Film criticism itself has suffered greatly in recent memory; at the end of the day, whatever trouble a critic might have gone to to watch, process, and articulate their thoughts on a given film is now reduced almost entirely to a number on Rotten Tomatoes.
Youtube is a great place to start looking. It has a lot of trash, but there are some extraordinary essayists and writers giving robust and insightful looks into films new and old.
Off the top of my head:
1. House of Tabula - Essays on art and culture, with a heavy emphasis on film, old and new. https://www.youtube.com/@TheHouseofTabula/videos
2. Deep Dive - Lewis from House of Tabula doing 10-15 min reviews of recent theatrical releases: https://www.youtube.com/@DEEPDIVETHOT/videos
3. Spikima Movies https://www.youtube.com/@SpikimaMovies/videos
4. Thomas Flight https://www.youtube.com/@ThomasFlight/videos
These channels (expect for #2) all diverge from straightforward reviews, but what they give you are the tools to articulate what the film is doing, how it is doing it, and therefore equip you to become your own critic. Someone capable of thinking critically.
I think this effect is worse on YouTube because YouTube creators live or die by the algorithm. There's no organization backstopping them if they publish something their audience doesn't like.
Wow, great channel. Addresses[1] some of what I said with much more insight than I could.
I come back to this video once a year to renew my spirit and orient myself.
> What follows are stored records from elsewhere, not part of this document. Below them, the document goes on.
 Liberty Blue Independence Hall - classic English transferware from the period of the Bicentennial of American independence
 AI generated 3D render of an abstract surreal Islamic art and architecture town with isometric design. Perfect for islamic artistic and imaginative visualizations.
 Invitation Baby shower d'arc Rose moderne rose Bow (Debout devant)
The Dissolve alumni are all (mostly) writing at various publications: https://thedissolve.com/
While David Bordwell sadly passed, his blog is still a great resource (books, too!) and actively updated: https://www.davidbordwell.net/blog/
I always like to remind people that before talk heads were battling it out on cable news or ESPN we had Siskel and Ebert shaking things up. They made me realize that movies could carry subtext, nuance and meaning. They made reading ABOUT movies more interesting.
I'm not sure what you mean by separating review from criticism. Can you expand on that?
Let's start with applying both to "Eraserhead":
A critical approach might have a thesis on how it links with Lynch's interest in Buddhism and how those concepts surface in the film, how different events and characters in the film can be read through that lens and how the resolution of the film makes sense in a Buddhist context. Absolutely none of this tells you whether the person who watched the film was enraptured by it from the first scene or whether they got through it out of academic obligation and immediately bitched about it on social media afterwards. Criticism has a thesis about a work and defends it, which doesn't usually involve how enjoyable the work is.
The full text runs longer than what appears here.